▸ TASK PROMPT
Exact copy, pictures excluded: write out every line below.

▸ COLLECTED DATA
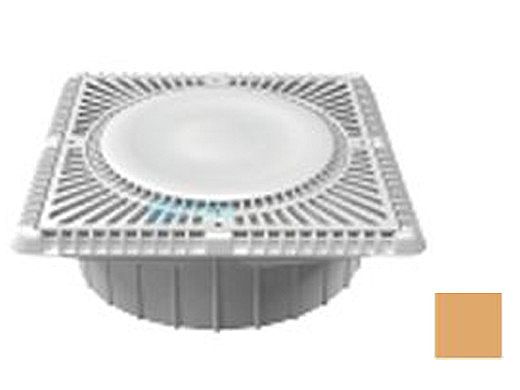 Aquastar 12" Square Sun Grate with Vented Riser Ring with Double Deep Mud Frame|Sump for Optional Secondary Drain (VGB Series) Tan | SUN12WR108A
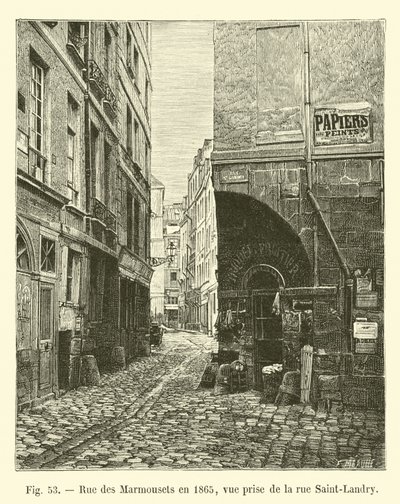 Rue des Marmousets en 1865 - French School
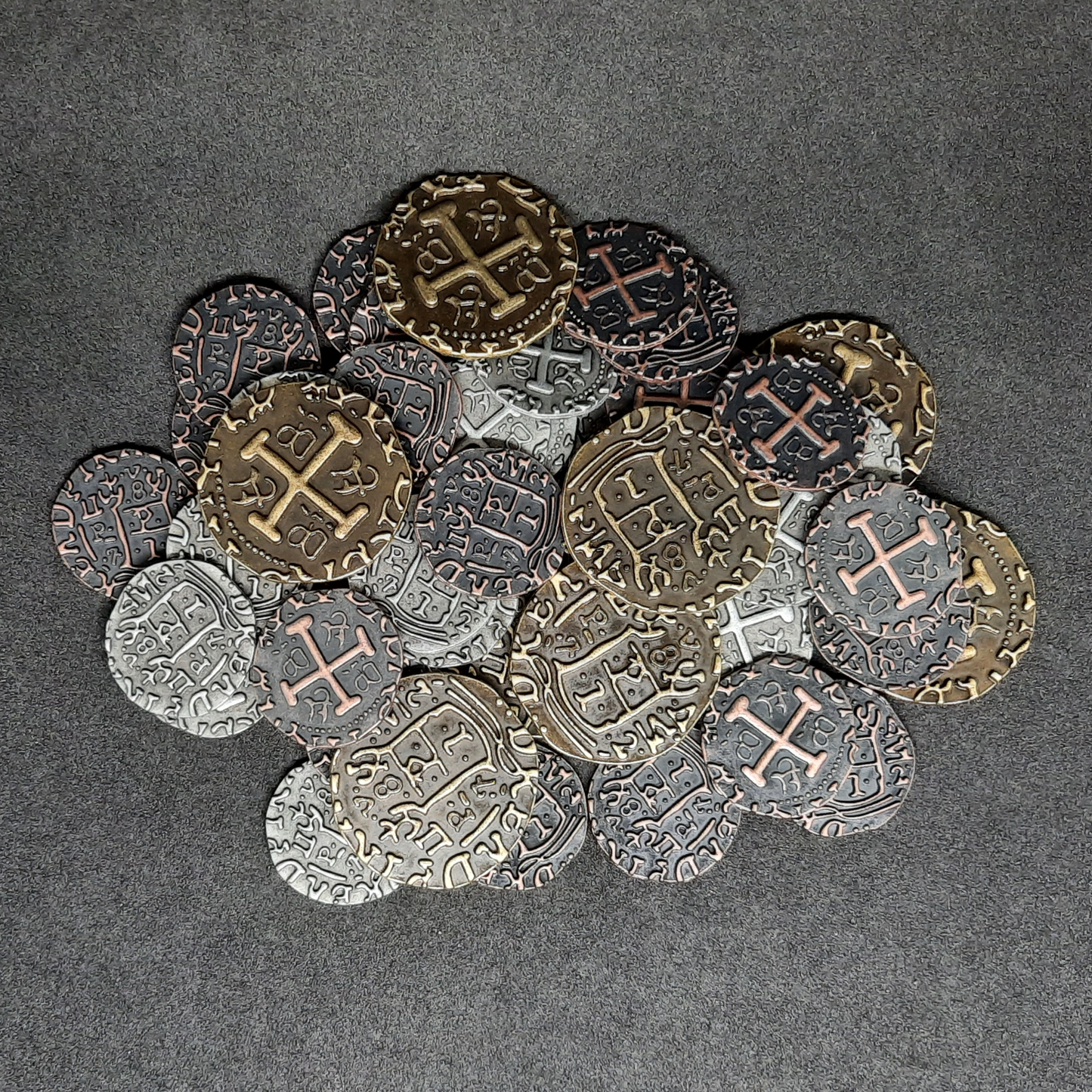 Set of antique pirate metal coins for board game, 20mm and 30mm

▸ WRITTEN SOLUTION
 Aquastar 12" Square Sun Grate with Vented Riser Ring with Double Deep Mud Frame|Sump for Optional Secondary Drain (VGB Series) Tan | SUN12WR108A
 Rue des Marmousets en 1865 - French School
 Set of antique pirate metal coins for board game, 20mm and 30mm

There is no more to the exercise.